● Dataset section:
▼
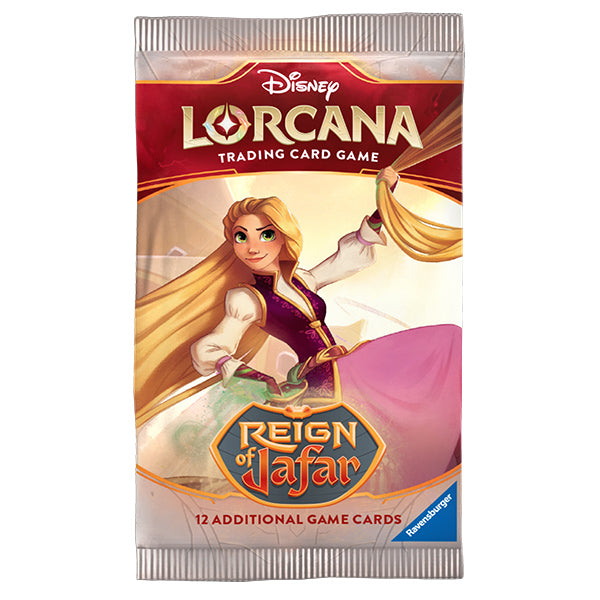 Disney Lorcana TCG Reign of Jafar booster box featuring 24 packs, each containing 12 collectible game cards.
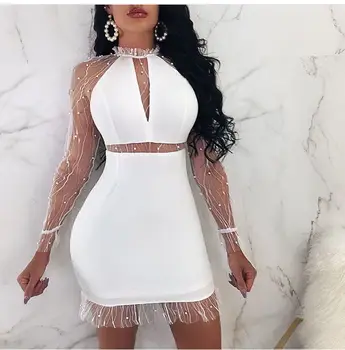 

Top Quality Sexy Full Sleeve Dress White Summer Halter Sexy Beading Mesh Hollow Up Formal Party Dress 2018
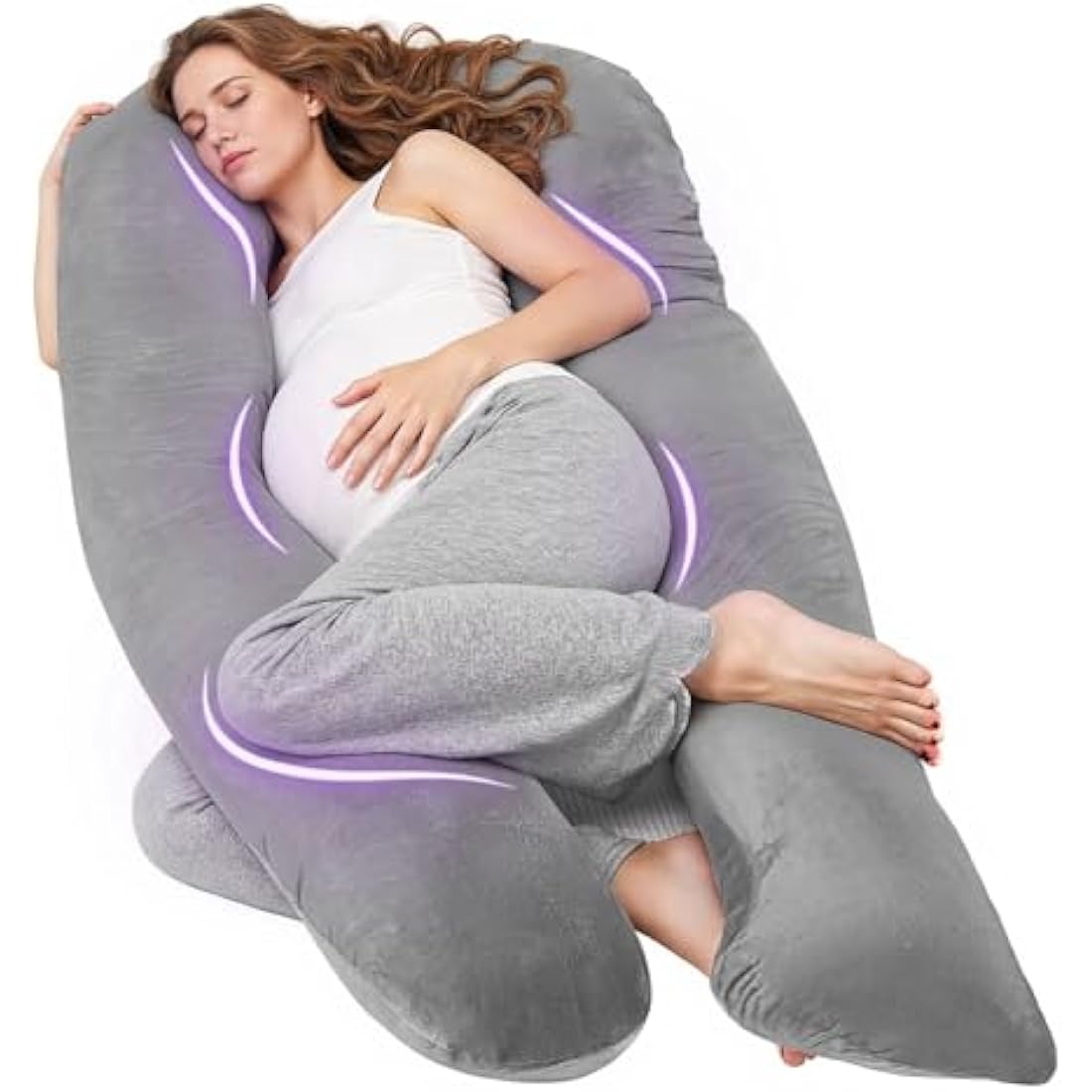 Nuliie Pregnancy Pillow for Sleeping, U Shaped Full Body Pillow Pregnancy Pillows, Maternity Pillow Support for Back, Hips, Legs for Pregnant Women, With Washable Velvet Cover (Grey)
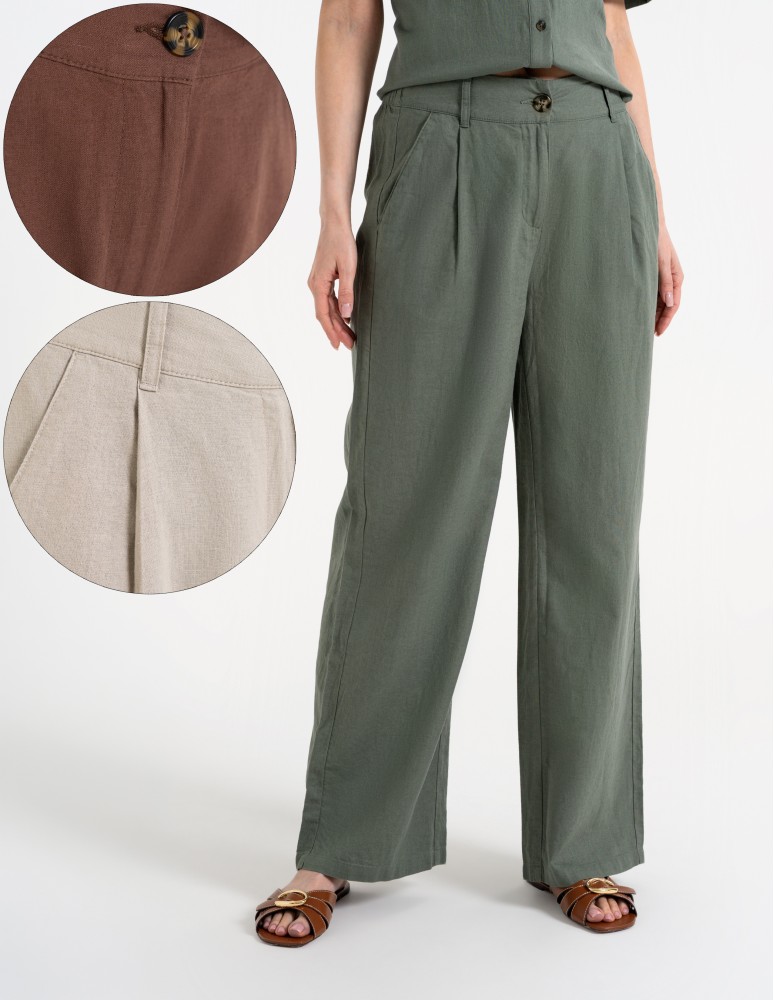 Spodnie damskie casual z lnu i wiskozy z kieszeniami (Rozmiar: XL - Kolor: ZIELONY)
▲
● Problem requirements:
Reproduce word for word the lines running from the line with "Top Quality Sexy" through the end of the data, both included, and nothing else; leave out the pictures.

● Output of the task:
Top Quality Sexy Full Sleeve Dress White Summer Halter Sexy Beading Mesh Hollow Up Formal Party Dress 2018
 Nuliie Pregnancy Pillow for Sleeping, U Shaped Full Body Pillow Pregnancy Pillows, Maternity Pillow Support for Back, Hips, Legs for Pregnant Women, With Washable Velvet Cover (Grey)
 Spodnie damskie casual z lnu i wiskozy z kieszeniami (Rozmiar: XL - Kolor: ZIELONY)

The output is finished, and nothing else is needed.